You can find the latest Spark documentation, including a programming guide, on the project web page and project wiki. This README file only contains basic setup instructions.

Building Spark

Spark is built using Apache Maven. To build Spark and its example programs, run:

build/mvn -DskipTests clean package

(You do not need to do this if you downloaded a pre-built package.) More detailed documentation is available from the project site, at "Building Spark".

Interactive Scala Shell

The easiest way to start using Spark is through the Scala shell:

./bin/spark-shell

Try the following command, which should return 1000:

scala> sc.parallelize(1 to 1000).count()

Interactive Python Shell

Alternatively, if you prefer Python, you can use the Python shell:

./bin/pyspark

And run the following command, which should also return 1000:

>>> sc.parallelize(range(1000)).count()

Example Programs

Spark also comes with several sample programs in the examples directory. To run one of them, use ./bin/run-example <class> [params]. For example:

./bin/run-example SparkPi

will run the Pi example locally.

You can set the MASTER environment variable when running examples to submit examples to a cluster. This can be a mesos:// or spark:// URL, "yarn" to run on YARN, and "local" to run locally with one thread, or "local[N]" to run locally with N threads. You can also use an abbreviated class name if the class is in the examples package. For instance:

MASTER=spark://host:7077 ./bin/run-example SparkPi

Many of the example programs print usage help if no params are given.

Running Tests

Testing first requires building Spark. Once Spark is built, tests can be run using:

./dev/run-tests

Please see the guidance on how to run tests for a module, or individual tests.

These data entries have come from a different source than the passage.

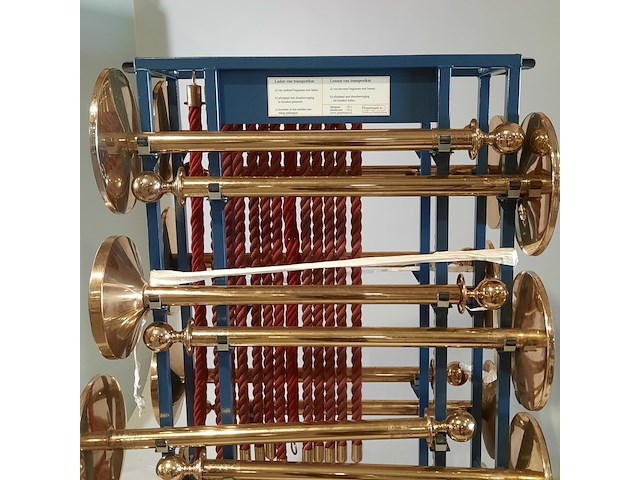 Afzetpalen en garderobe rekken - afbeelding 6 van  12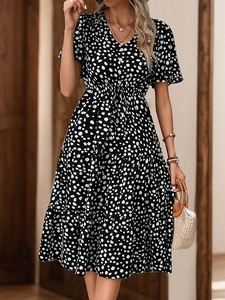 Detail of V-neck summer dress with leopard print, drawstring waist and tiered skirt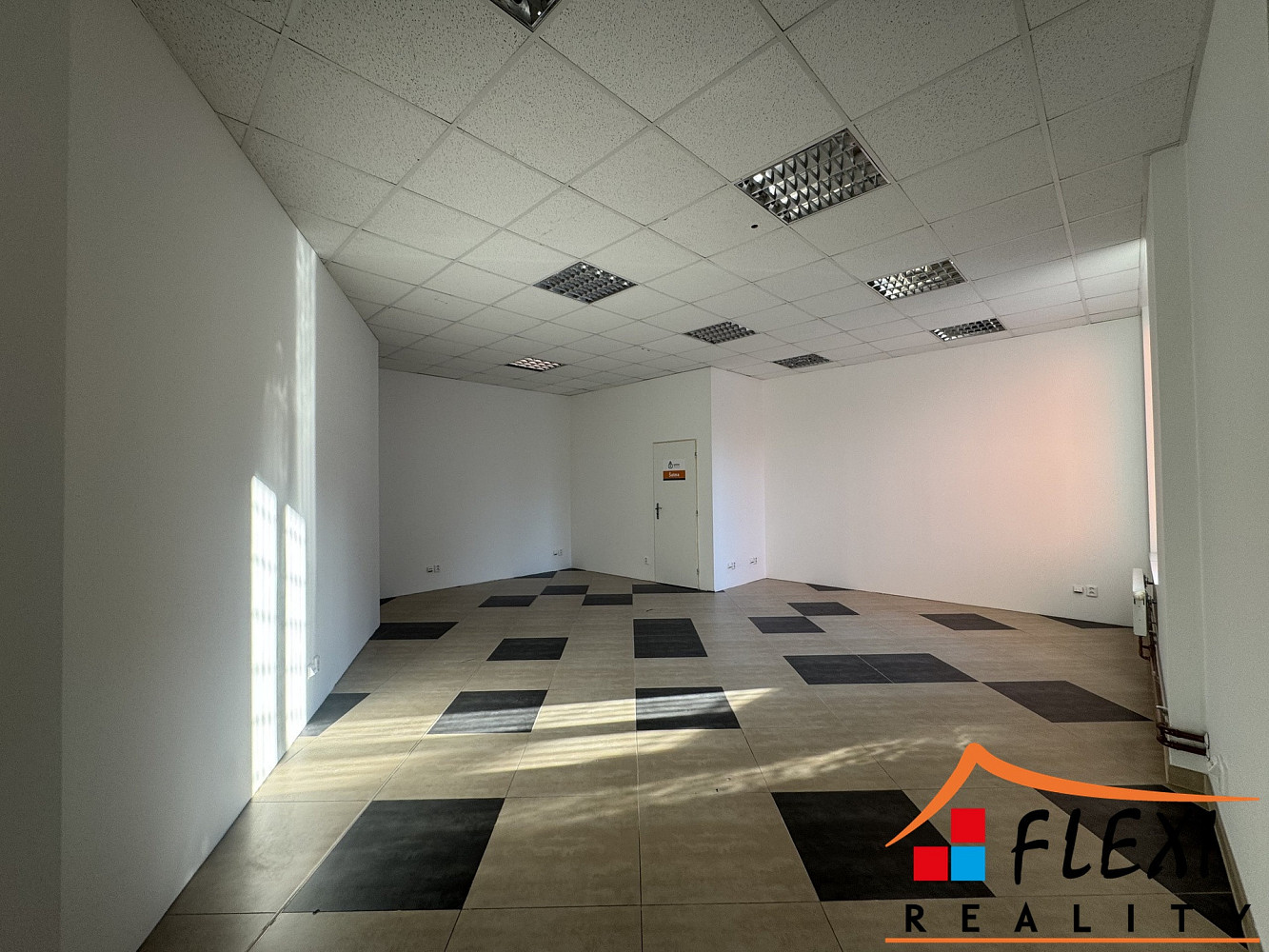 Pronájem kanceláře 83 m² – fotografie 2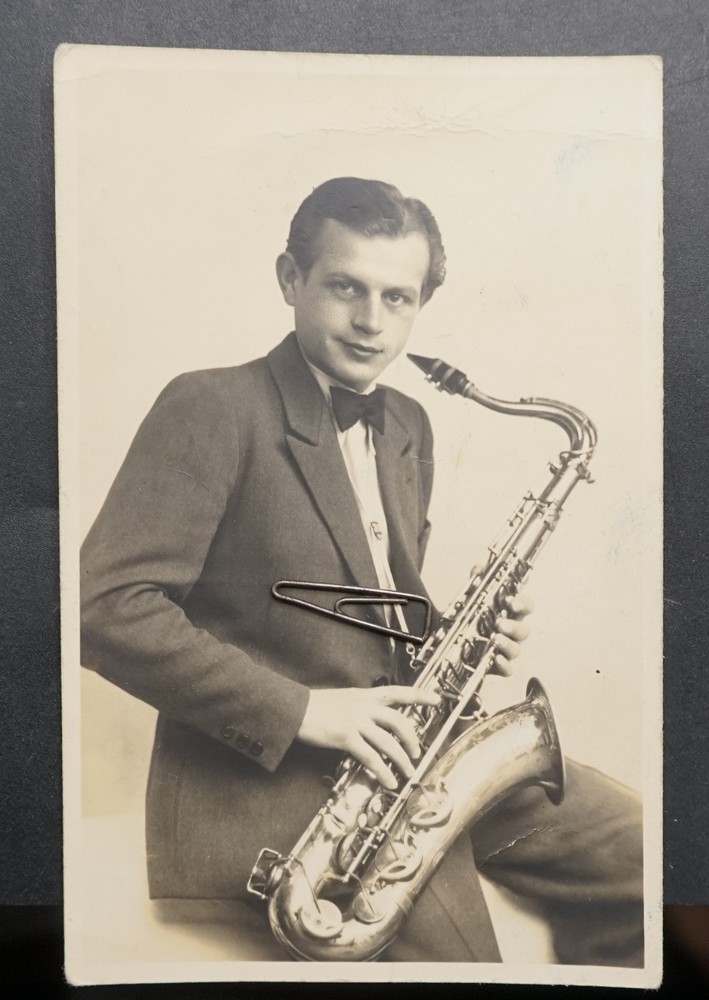Photo Portrait Musician Saxophone 1948 Augsburg Signature Signature Instrument Postcard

A Note About Hadoop Versions

Spark uses the Hadoop core library to talk to HDFS and other Hadoop-supported storage systems. Because the protocols have changed in different versions of Hadoop, you must build Spark against the same version that your cluster runs.

Please refer to the build documentation at "Specifying the Hadoop Version" for detailed guidance on building for a particular distribution of Hadoop, including building for particular Hive and Hive Thriftserver distributions.

Configuration

Please refer to the Configuration Guide in the online documentation for an overview on how to configure Spark.